I was recently listening to one of my clients talking about how she keeps taking the same actions over and over again. She described how she felt it wasn’t her the one deciding, or at least, not being able to control her choices. Maybe, by now, you are already asking yourselves, what does she mean by that? Did someone cast a spell on her? Is she being manipulated by someone else? The response to those questions, although not literally, is: yes…YES?! Let me explain what she was talking about, before I answer why she may be suffering from all of the above:

When she was talking about constantly repeating some behaviours, she was describing how she always ends up being in the same kind of relationships: friendships, couple’s relationships, relationships with colleagues, etc., where she feels she is always used by others. She was talking about the different characteristics that she sees in these people, but only after she realizes she has been used and sometimes even abused.

“Why am I not being able to see those traits at first?!” she screamed in my office while scratching her skull with both hands.

“It is quite simple”, I explained, using this phrase somehow sarcastically. “You´ve been allowing your “automatic - pilot” to make some of the important decisions in your life”, I continued.

“Automatic-pilot?” she asked, “What the heck do you mean by that now?”

Throughout our lives we create a package of ideas; it starts when we are young, usually influenced by our parents, teachers, schools, religion, culture and some of our own life experiences. We adopt all of these ideas and we start owning them, using them to go live life as simply, and easily as possible. The problem with this “package of ideas” is that we are not the same person at age 6, or 15, or 34; and certainly our experiences aren´t the same either. But still, we subconsciously keep using the ideas that we used when we were kids because we learned 20 or 30 years ago (or more), that in that moment, it gave us good results, it worked. So, if we are not the same person as we were when we were 15 why do we keep using the “strategies” that worked well at that time? There may be different answers to this single question.

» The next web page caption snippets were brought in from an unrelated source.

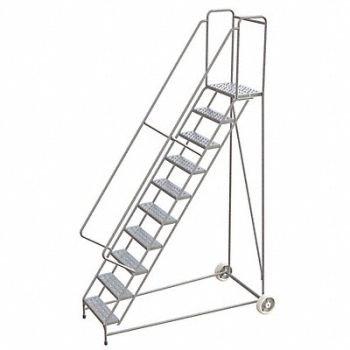 BALLYMORE Wheelbarrow Ladder 100 H x 14 D Platform, 799ZK8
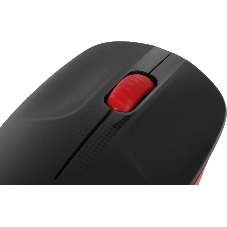 Мышь беспроводная Logitech M190 черный/красный, 1000 dpi, радиоканал, USB, кнопки - 3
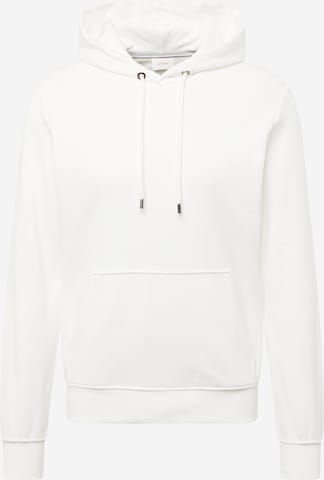 s.Oliver Sweatshirt in Wit: voorkant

For example: we got used to it, or we keep thinking it may work now.

The one I decided to focus on with my client was: because we are not aware of what is going on with our thoughts, with our minds. It is, as if we put the automatic - pilot button on several years ago and never turned it off. So, every time we find ourselves in the same situation, the automatic - pilot takes over and commands our ideas, thoughts, behaviours, etc.. We expect to have the same positive result than the one we had at one point, even if the last few times we got the opposite result. The problem here is that, when this happens, we are not consciously making any decisions.

So, going back to the initial questions: are we manipulated, or under a spell? Yes, under the automatic - pilot spell; manipulated by it and our lack of awareness.

As Ram Dass said, “As you look at many people´s lives, you see that their suffering is in a way gratifying, for they are comfortable in it. They make their lives a living hell, but a familiar one.”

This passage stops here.